I am not speaking just about the billions of dollars already spent on this betrayal of trust and mutual respect, I am speaking about the cost that we will all have to pay if land claims and treaties are not resolved soon in B.C.
The B.C. treaty process was the result of a 150-year struggle by B.C. Indians. It was negotiated and created on the strength of the March 1983 amendment to Canada's then new Constitution, following supportive court cases and a more positive public attitude toward the plight of Indians. The obvious background was the Oka confrontation and the general unrest and militancy among Indians.
Then-prime minister Brian Mulroney and Tom Siddon, his able minister of Indian affairs, deserve credit for working with the B.C. Indian leadership of the day to pressure the B.C. government to join the process. Educated and motivated by the First Nations Congress leadership, the B.C. business community applied the final pressure on Bill Vander Zalm's government to change B.C.'s century-old policy of land-claims denial.
It seemed that the needs of all the parties were about to be accommodated. Ottawa needed B.C. to be involved in the land-claims process. The Indians needed a mechanism to resolve their outstanding claims and the business community required certainty of land title and jurisdiction.
Nineteen principles were negotiated as the foundation of this process. A tripartite commission was established to be "The Keeper of the Process."
A level playing field of negotiations with three equal parties was prescribed. Mulroney had insisted upon a $125-million policy, research and development fund to allow the Indians to prepare their claims. He also insisted on a repayable loan portion of 10 per cent. The future seemed bright.

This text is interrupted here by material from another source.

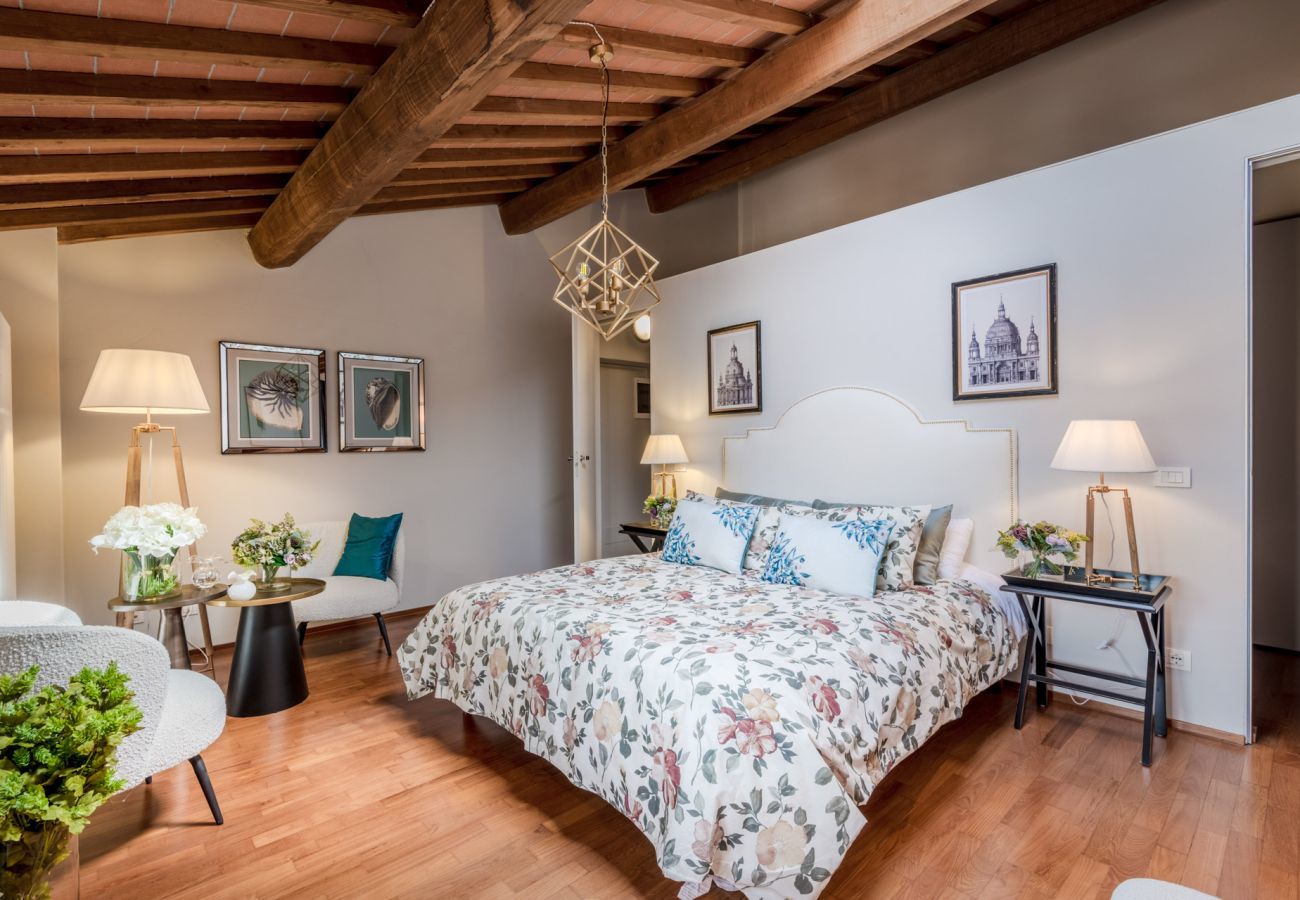 Appartement à Lucques - De Nobili Penthouse, Luxury Apartment with Elevator inside the Walls of Lucca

Sadly, a change of leadership among Indians, unprepared provincial involvement and the long domination of the Department of Indian Affairs killed the process in its infancy. Many Indian groups signed letters of intent and borrowed money to begin "the negotiations," but the $125-million fund disappeared and the loan-repayment portion was hiked to 80 per cent.
Indian Affairs created the Federal Treaty Negotiation office and manned it with their senior bureaucrats, who knew how to control Indians. They actually went so far as to train "negotiators," who would become the chief negotiators for native nations. Indian Affairs was bound and determined to sabotage the process and did.

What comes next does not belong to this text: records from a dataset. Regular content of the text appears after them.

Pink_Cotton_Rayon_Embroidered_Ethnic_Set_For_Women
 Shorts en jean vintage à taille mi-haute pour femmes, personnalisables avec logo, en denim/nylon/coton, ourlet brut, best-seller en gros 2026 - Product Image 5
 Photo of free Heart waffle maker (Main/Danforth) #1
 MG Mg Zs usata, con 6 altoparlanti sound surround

The province shares blame for the failure as they had no idea what they were doing from the start and mimicked the federal government. Both groups have no real mandates or vision. The possibility of creative solutions is restricted by the dictate that Indian aspirations must be forced into the little square boxes of federal and provincial regulations, the same ones that created the huge problems that still get worse in Indian communities.
Indians are not blameless. The First Nations Summit has provided no leadership. Instead they seem enamoured with federal and provincial programs when they are not jetting off to Ottawa, New York, Geneva and, more recently, China.

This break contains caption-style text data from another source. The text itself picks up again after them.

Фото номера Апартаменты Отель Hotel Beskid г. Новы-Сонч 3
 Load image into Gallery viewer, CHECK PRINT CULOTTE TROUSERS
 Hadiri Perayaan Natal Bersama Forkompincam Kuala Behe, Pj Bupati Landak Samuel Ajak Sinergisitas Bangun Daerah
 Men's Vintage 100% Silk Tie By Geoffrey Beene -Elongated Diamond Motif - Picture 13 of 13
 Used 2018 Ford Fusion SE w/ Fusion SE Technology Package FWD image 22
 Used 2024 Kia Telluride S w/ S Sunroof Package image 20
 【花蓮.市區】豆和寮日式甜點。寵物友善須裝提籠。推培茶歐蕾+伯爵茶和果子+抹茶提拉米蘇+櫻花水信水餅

They have provided no independent political strength and have allowed the B.C. treaty process to wither on the vine by electing commissioners content to simply collect their honorariums.
The B.C. government is pushing interim measures, which is an attempt to placate Indians, who have lined up for quick handouts instead of demanding and achieving aboriginal title and self-government. Much of this has been made worse by the ever-increasing mass of lawyers and consultants who enrich themselves through the process.
Our new premier, Christy Clark, talks about development, particularly of mines on Indian land, as a solution to B.C.'s economic woes. One would think that we have had enough history to realize there are no magic solutions. All too often, election posturing replaces well reasoned strategies about how we can move forward on these issues.
The B.C. treaty process must be made to work. The premier can help by simply dictating to her negotiators an expanded, creative mandate for all parties at the negotiating table. DIA should be removed from the process and we must re-commit to the 19 principles.
The alternative is to allow the frustration to build among Indian and non-Indian people in B.C. Already we see new court cases that can tie up development for years and unrest that is flowing from land-title uncertainty.
We have a simple choice: We can settle Indian land claims now or later at 1,000 times the expense.
Every B.C. citizen has a basic stake in the just resolution of aboriginal title and treaty grievances. We do not need another Oka or the continuing feeding frenzy at the trough of Indian suffering.
Hemas Kla-Lee-Lee-Kla, Chief Bill Wilson, a lawyer and chief of the Kwawkgewlth people, helped set up the B.C. treaty commission process.